Avec patience, Bob et ses deux compagnons assistaient au repas du soir des pirates et de leurs complices. Nulle part, ils ne devaient apercevoir les Hénaurmes. Sans doute ceux-ci s’étaient-ils égarés dans la jungle, à moins que, finalement, ils ne se fussent noyés dans les rapides. En ce qui concernait les prisonniers, Bob, Joan et Awat ne devaient pas les apercevoir davantage. Probablement Guen Hong les tenait-il enfermés dans une tente en attendant le retour de Smith. Smith, qui ne reviendrait jamais.

Le repas terminé, Guen Hong et ses pirates demeurèrent à deviser tout en filmant leurs pipes devant le feu, puis ils disparurent sous les abris de branchages qui avaient été dressés. Seule une sentinelle demeura en faction près d’une tente, sans doute celle où Bill Ballantine et le professeur Evans étaient retenus captifs.

— Le vent continue à souffler dans la bonne direction, murmura Bob. Nous pouvons y aller…

Chargés de leurs bottes de branchages, ils se glissèrent à travers la brousse et se mirent à descendre en direction du camp. Ils allaient lentement, en prenant garde de ne pas attirer l’attention de la sentinelle. Ainsi, ils atteignirent sans encombre la base du monticule.

À présent, ils se trouvaient à la lisière du camp, où le feu rougeoyait encore. Ils pouvaient apercevoir la sentinelle, mais celle-ci, à aucun moment, ne parut se douter de leur présence.

Les bottes de branchages furent déliées et éparpillées sur une distance de vingt mètres environ, c’est-à-dire sur presque toute la largeur de l’aire occupée par les tentes et les huttes.

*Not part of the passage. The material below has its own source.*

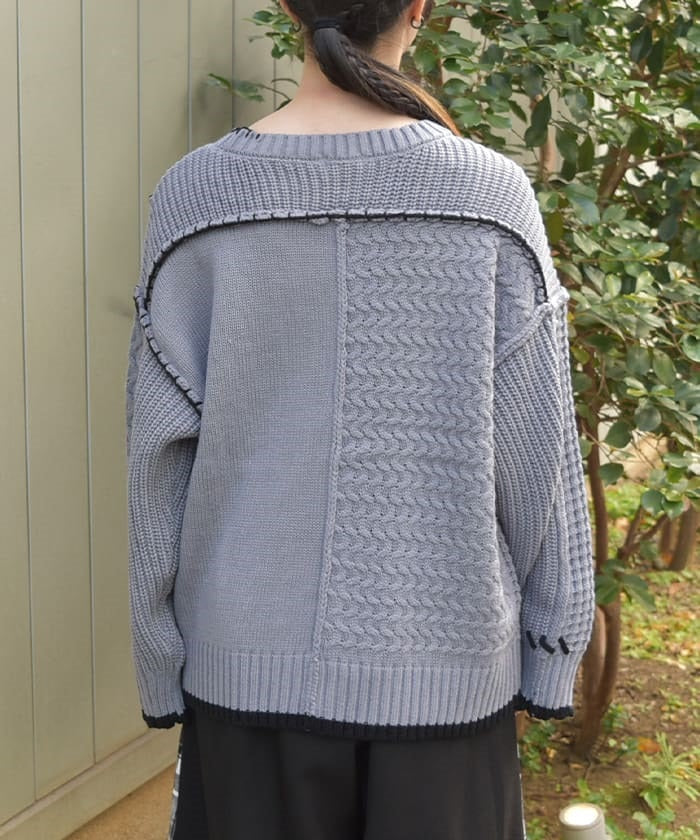 Bicolor Stitch Knit Pullover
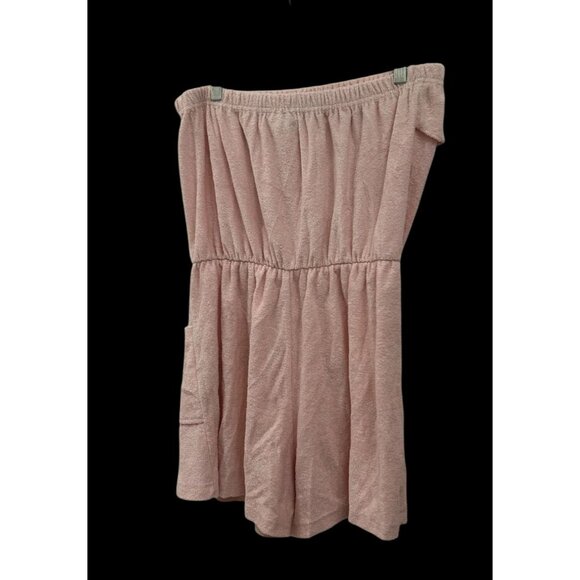 Vintage 70s Pink Terry Cloth Romper Tube Top Swim Cover Up Size Large - Picture 2 of 3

Rapidement, Morane alluma une torche et, en plusieurs endroits, mit le feu aux branchages. Ceux-ci devaient contenir une substance résineuse, car ils s’enflammèrent aussitôt, tout comme les feuilles tachetées de rouge qui brûlèrent en crépitant et en dégageant une fumée épaisse que, tout de suite, le vent rabattit vers le camp.

Il n’y avait plus qu’à attendre. Attente fort courte, d’ailleurs. En longues banderoles mouvantes, la fumée s’était glissée entre les tentes et les abris, pour s’étendre ensuite en nappes de plus en plus larges. La sentinelle devait sommeiller, appuyée sur son fusil, ou rêver à une lointaine fiancée, car ce fut seulement alors, quand la fumée eut envahi tout le camp, qu’elle donna l’alarme.

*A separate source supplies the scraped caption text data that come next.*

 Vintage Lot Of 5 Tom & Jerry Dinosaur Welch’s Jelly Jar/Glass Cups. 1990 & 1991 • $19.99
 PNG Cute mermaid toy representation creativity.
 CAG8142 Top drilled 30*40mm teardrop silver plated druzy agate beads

— Ça y est, murmura Bob. Les dés sont jetés.

Pour en avoir fait l’expérience, ses compagnons et lui savaient que la fumée était plus efficace encore que la simple odeur de l’arbre de la terreur. C’était Morane lui-même qui avait servi de cobaye avant qu’ils ne quittassent le plateau maudit, et le test s’était révélé concluant. En serait-il encore de même ? Il y avait plusieurs heures à présent que les branches et les feuilles avaient été coupées, et elles pouvaient s’être desséchées, avoir perdu de leur force.

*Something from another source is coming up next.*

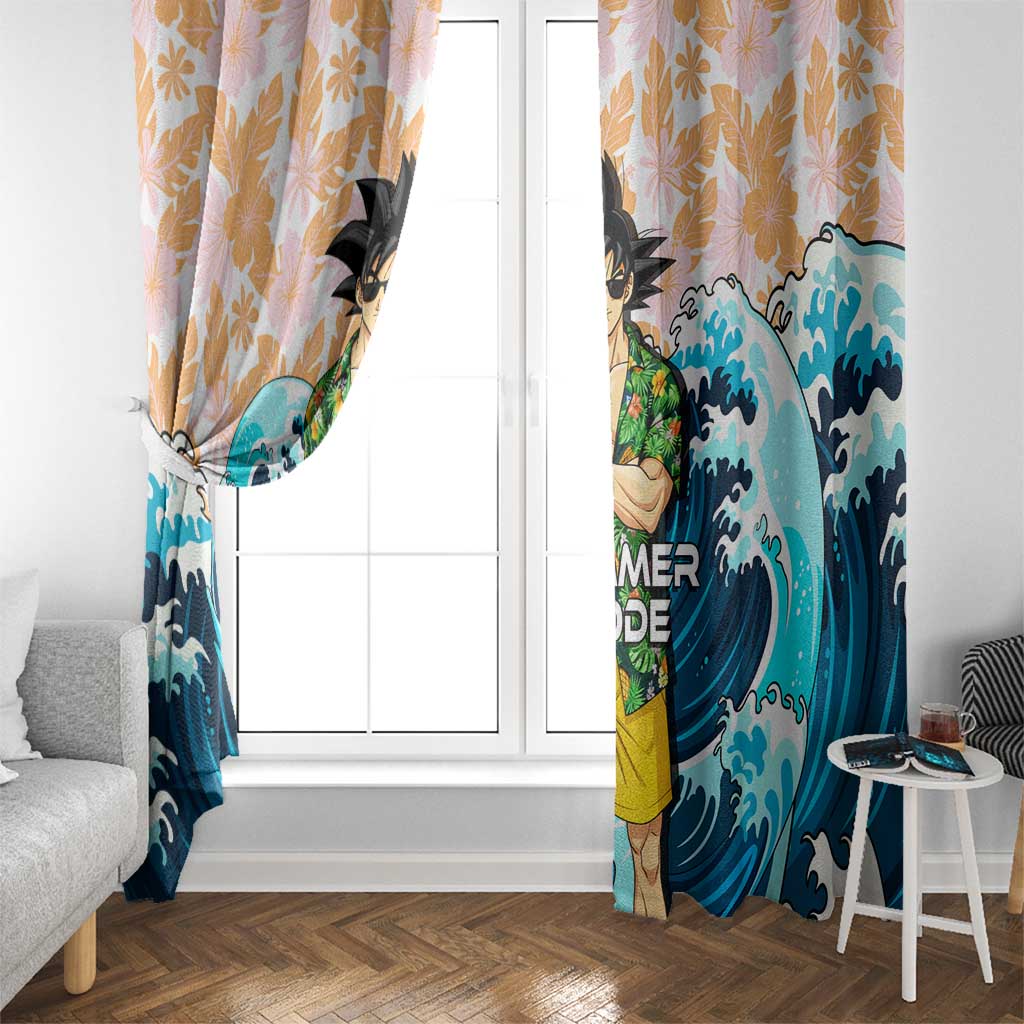 Goku Dragon Ball Summer Theme Window Curtain with Tropical Floral Shirt Sunglasses Shenron and Ocean Wave Background - The Mazicc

Un moment d’incertitude. Une incertitude qui devait vite être balayée. D’un peu partout, des pirates jaillissaient, à demi nus, en hurlant d’épouvante, pour fuir terrorisés en direction de la jungle et s’y perdre.

— Ils se sauvent comme s’ils avaient tous les diables de l’enfer à leurs trousses, triompha Joan.

Awat semblait s’amuser fort et il disait sans cesse :

— Ça, bonne sorcellerie !… Bonne sorcellerie !

— Réellement, l’effet de la fumée est encore plus violent que celui de la plante elle-même, constata Bob. Mais il nous faut aller au secours de nos amis. S’ils sont ligotés et incapables de fuir, l’épouvante peut les tuer.

Le camp était à présent désert. Tous les pirates avaient fui, et aussi les marins du Polaris et les guides dayaks. Sous la tente qui leur servait de prison, Bill Ballantine, Evans et les deux collaborateurs de ce dernier, étaient ligotés. En proie à une évidente terreur, ils se tordaient dans leurs liens en gémissant.

— Retenez votre respiration ! recommanda Morane. Tâchez de ne pas humer la fumée !

— Encore un peu de courage, père ! lança Joan à l’intention d’Evans. Nous allons vous tirer de là.

Cinq minutes plus tard les quatre prisonniers avaient des bandeaux humides noués sur le visage. Alors, la fumée cessant de faire son effet, l’épouvante les quitta. Ils furent débarrassés de leurs liens et tout le monde quitta la tente.

— Trouvons des armes et filons, dit Bob. Il nous faudra être loin du camp lorsque Guen Hong et ses complices retrouveront leur état normal.

Toujours poussée par le vent, la fumée se dissipait. Morane et ses compagnons étaient en train de perdre leur meilleure alliée.